◆ **EXERCISE DATA**:

|---|

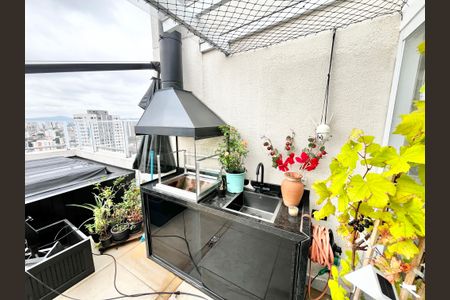 Apartamento à venda com 130m², 1 quarto e 2 vagasVaranda gourmet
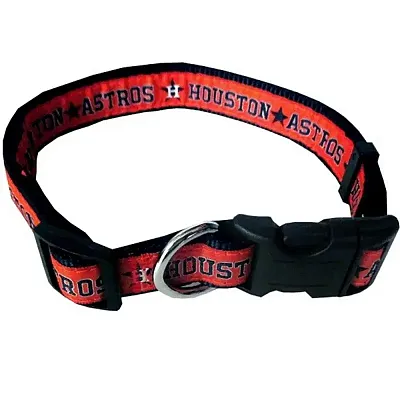 Pets First Houston Astros Pet Collar by Pets First - Small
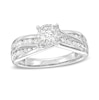 Thumbnail Image 0 of Previously Owned - 1 CT. T.W. Diamond Frame Engagement Ring in 14K White Gold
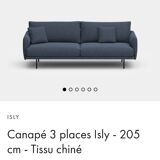 Sofa Panac grey 205 cm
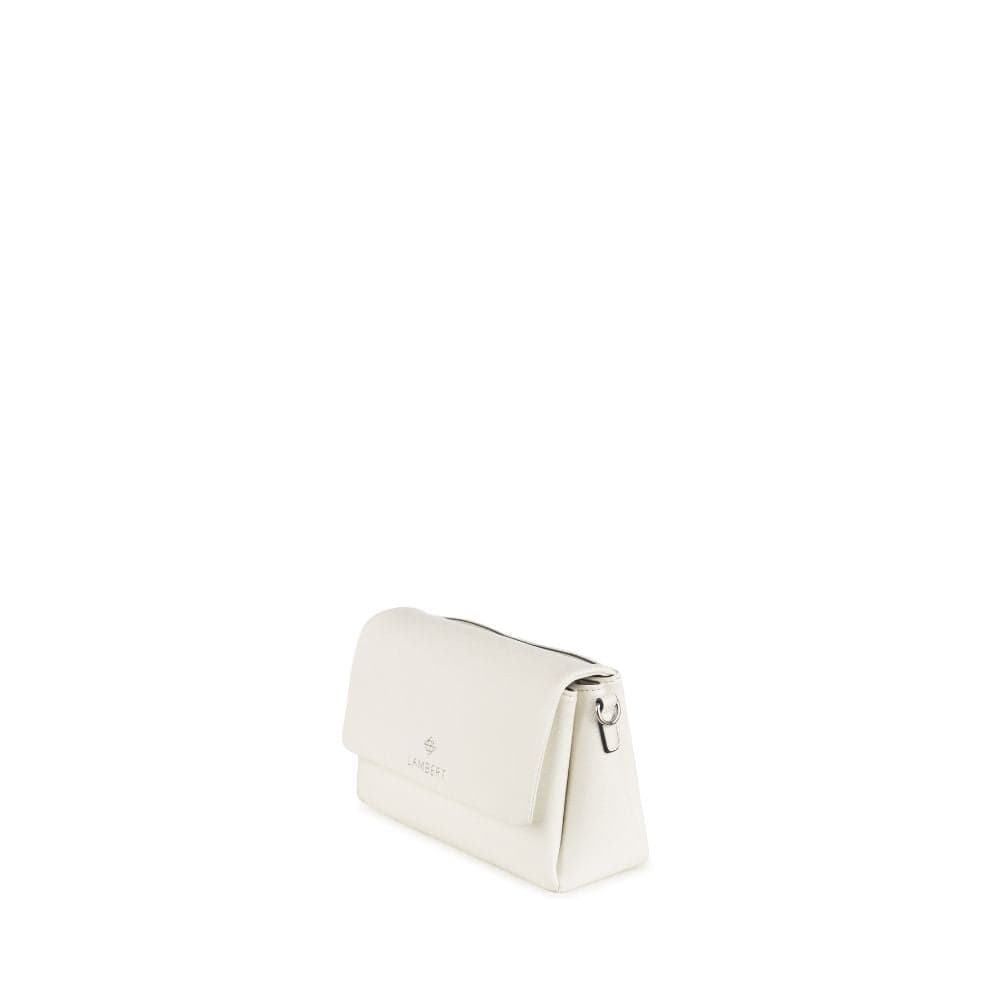 The Judy - Coconut Milk Vegan Leather Crossbody Handbag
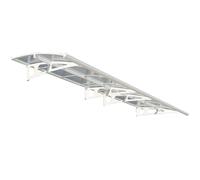 Palram Auvent de porte Bordeaux 4,47 m Marquise transparente 139x447 cm Blanc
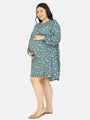 Printed Maternity Nightdress - Da Intimo - Lingerie Online Store India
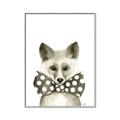 Picture of Baby Fox with Bow Tie _GroupedProduct_Rectangle_Portrait_Mini_ _GroupedProduct_Rectangle_Portrait_Canvas_Framed_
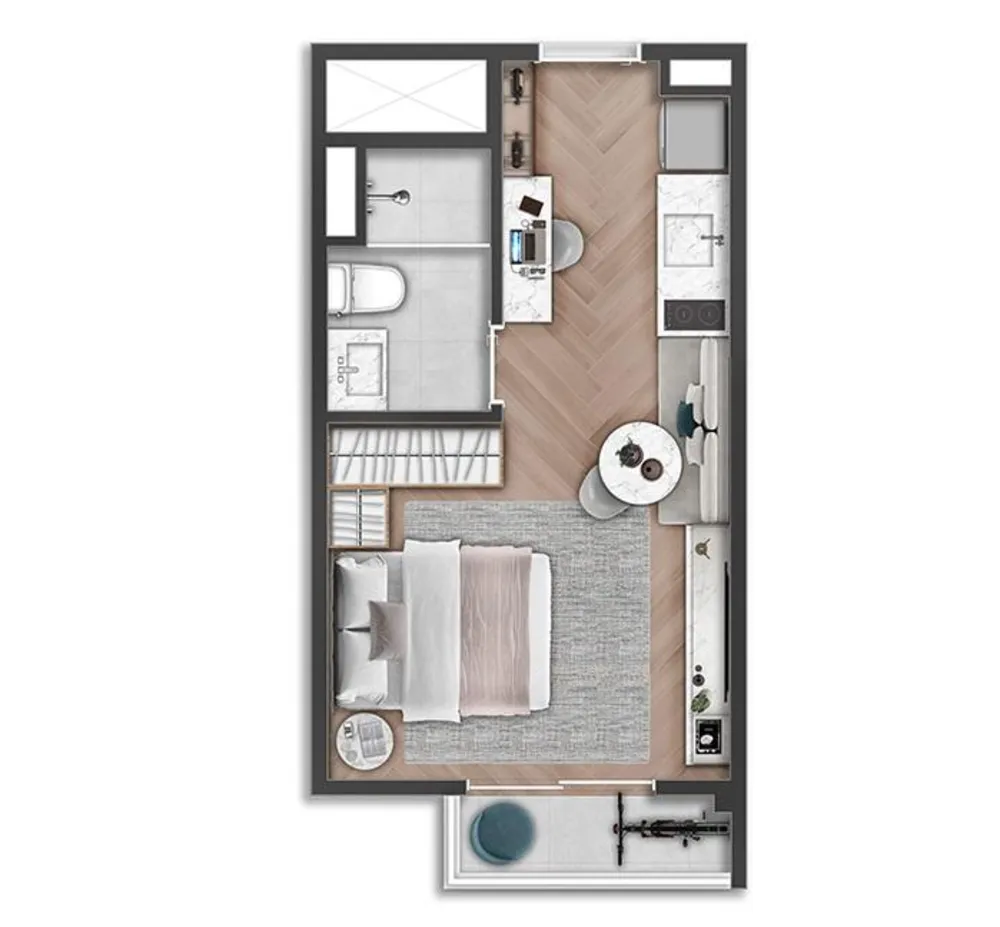 Casa, 2 quartos, 2436 m² - Foto 6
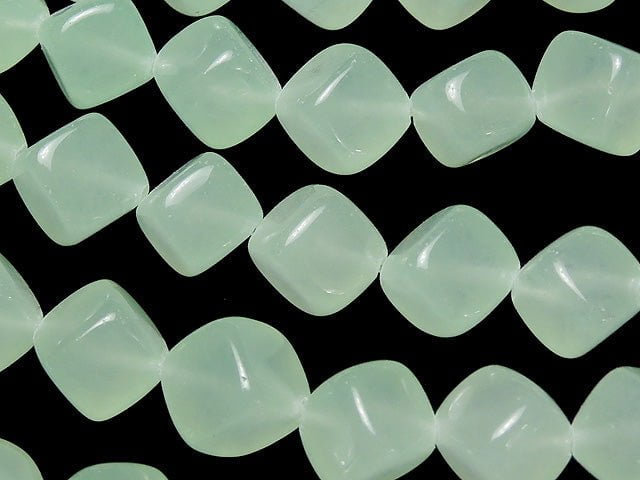 1strand $6.79! Pastel Green Jade Dice 9x9x9mm 1strand beads (aprx.15inch / 38cm)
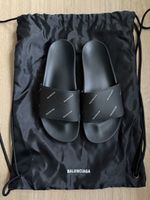 Balenciaga Herren-Slipper Gr.42 Schwarz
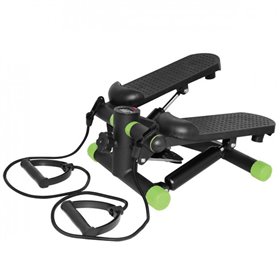 Степпер (міні-степпер) з еспандерами SportVida SV-HK0357 Black/Green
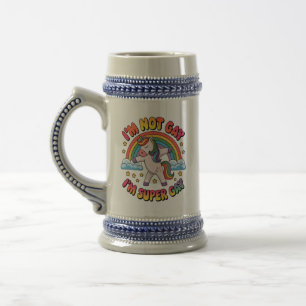 Caneca De Cerveja Gay Eu Sou Super Gay Sublimação-60681 Camisa Tri-B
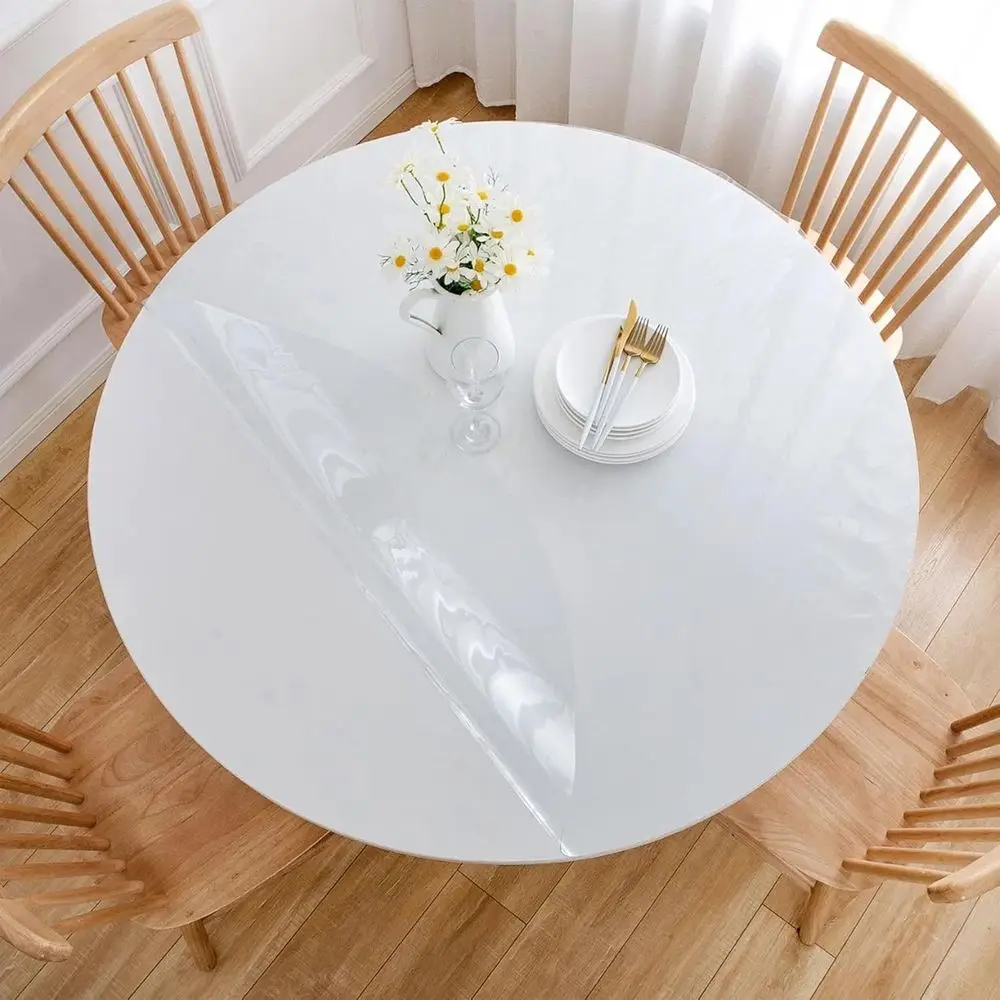 51 Durable Clear Round Tablecloth, Heat-Resistant Plastic Cover for Kitchen and Dining
51 Durable Clear Round Tablecloth, Heat-Resistant Plastic Cover for Kitchen and Dining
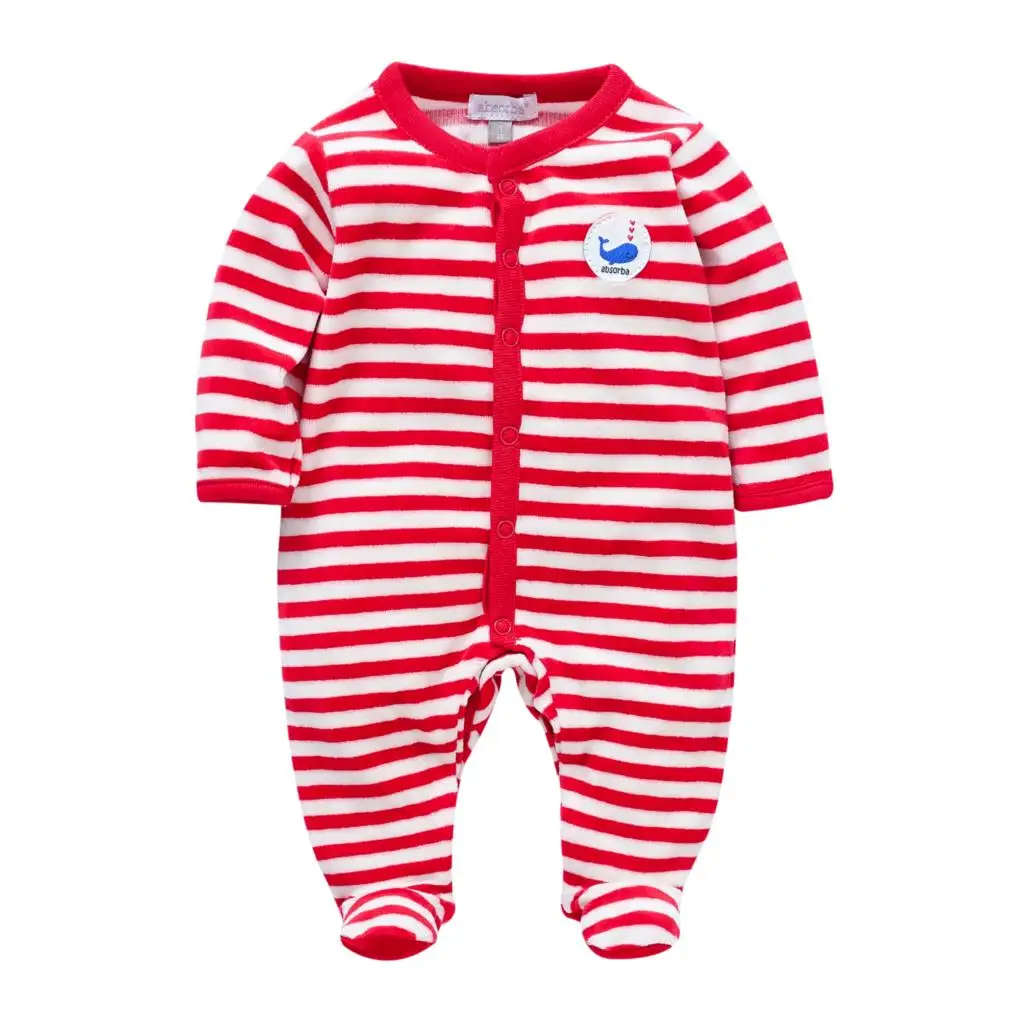 

Warm Velvet Newborn Baby Rompers Unisex roupas de bebe Long Sleeve Winter Infant Boys Clothes Christmas Body Bebes Clothing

|---|

◆ **REQUIRED ACTION**: With the pictures removed, print only the lines starting at the line that has "Thumbnail Image 0" and ending at the line that has "Casa, 2 quartos, 2436 m² - Foto 6", both ends included, exactly as they stand above.

◆ **ANSWER SPACE**:
 Thumbnail Image 0 of Previously Owned - 1 CT. T.W. Diamond Frame Engagement Ring in 14K White Gold
 Sofa Panac grey 205 cm
 The Judy - Coconut Milk Vegan Leather Crossbody Handbag
 Palram Auvent de porte Bordeaux 4,47 m Marquise transparente 139x447 cm Blanc
 Printed Maternity Nightdress - Da Intimo - Lingerie Online Store India
 Picture of Baby Fox with Bow Tie _GroupedProduct_Rectangle_Portrait_Mini_ _GroupedProduct_Rectangle_Portrait_Canvas_Framed_
 Casa, 2 quartos, 2436 m² - Foto 6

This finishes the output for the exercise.